Na acusação, o Procurador-Geral da República, Roberto Gurgel, afirmou que Valdemar Costa Neto recebeu, nos anos de 2003 e 2004, a quantia de R$ 8,8 milhões para votar no Congresso Nacional a favor do governo federal.
Arnaldo Malheiros Filho, advogado de Delúbio Soares, declarou em defesa de seu cliente que “O procurador disse que nunca foi respondida uma pergunta: por que tudo isso era transmitido em cash, porque não se faziam transações bancárias? Na verdade, porque era ilícito. Delúbio é um homem que não se furta responder por aquilo que fez, só não quer ser condenado pelo que não fez. Que ele operou o caixa 2 de campanha, operou. Que é ilícito é, isso ele não nega”.
Mas qual a diferença entre comprar votos de deputados para votarem no Congresso Nacional ou comprar o apoio de partidos inteiros, e consequentemente de suas bancadas, por meio do financiamento da campanha eleitoral? Na essência, nenhuma.
Porém, o financiamento ilegal de campanha eleitoral, o caixa 2, embora proibido, não leva ninguém para a cadeia, pois os crimes eleitorais e de peculato prescrevem em dois anos. Ora, como um processo por corrupção demora pelo menos de três a cinco anos, alguns até dez anos, mesmo que o réu seja condenado ele não irá para a cadeia. Esta é uma das razões para não termos nenhum preso por corrupção entre os mais de 500 mil detentos existentes no Brasil, apesar dos constantes desvios de dinheiro, das licitações fraudadas, das obras inacabadas, de construtoras recebendo aditivos milionários, não termos nenhum preso por corrupção entre os mais de 500 mil detentos existentes no Brasil.
Mensalão tucano
Não é a primeira vez que um esquema de compra de votos no Congresso Nacional ou de partidos é denunciado no país.
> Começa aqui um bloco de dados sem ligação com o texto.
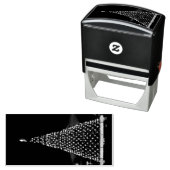 Blauer Weihnachtsbaum Permastempel (Beispiel)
Em 1997, os deputados Ronivon Santiago e João Maia, do PFL do Acre, confessaram em entrevista ao jornal Folha de S. Paulo, terem recebido cada um R$ 200 mil para votar a favor da emenda que estabelecia a reeleição para Presidente da República, favorecendo assim ao então presidente FHC. Os dois deputados disseram ainda que o intermediário do governo para a compra dos votos era o próprio presidente da Câmara dos Deputados, o deputado Luiz Eduardo Magalhães, filho de Antônio Carlos Magalhães, mais conhecido como Toninho Malvadeza. A emenda da reeleição foi aprovada, FHC foi reeleito e continua recebendo até hoje salários de ex-presidente, e nenhum dos envolvidos foi sequer condenado.
Ainda aguarda julgamento no STF um esquema de corrupção operado em favor do PSDB pelo mesmo Marcos Valério e o Banco Rural quando da campanha pela reeleição do Governador Eduardo Azeredo em 1998, o “mensalão” do PSDB. Em 3 de dezembro de 2009, por cinco votos a três, o STF aceitou a denúncia contra o senador Eduardo Azeredo. Mas, passados quase três anos, o PSDB segue governando o Estado de Minas Gerais e Eduardo Azeredo, agora deputado federal, continua no Congresso Nacional votando leis, igual a Collor, Sarney, Renan Calheiros, entres outros.
A verdade é que tanto o caso da compra de votos para aprovar a emenda da reeleição de FHC quanto a compra do apoio de partidos por meio do financiamento ilegal, são evidências claras do peso do dinheiro e dos que o possui, a classe capitalista, nas eleições realizadas numa democracia burguesa. Daí a máxima de que “não se faz campanha eleitoral sem dinheiro” ou que “para ganhar uma eleição é preciso ter muito dinheiro”.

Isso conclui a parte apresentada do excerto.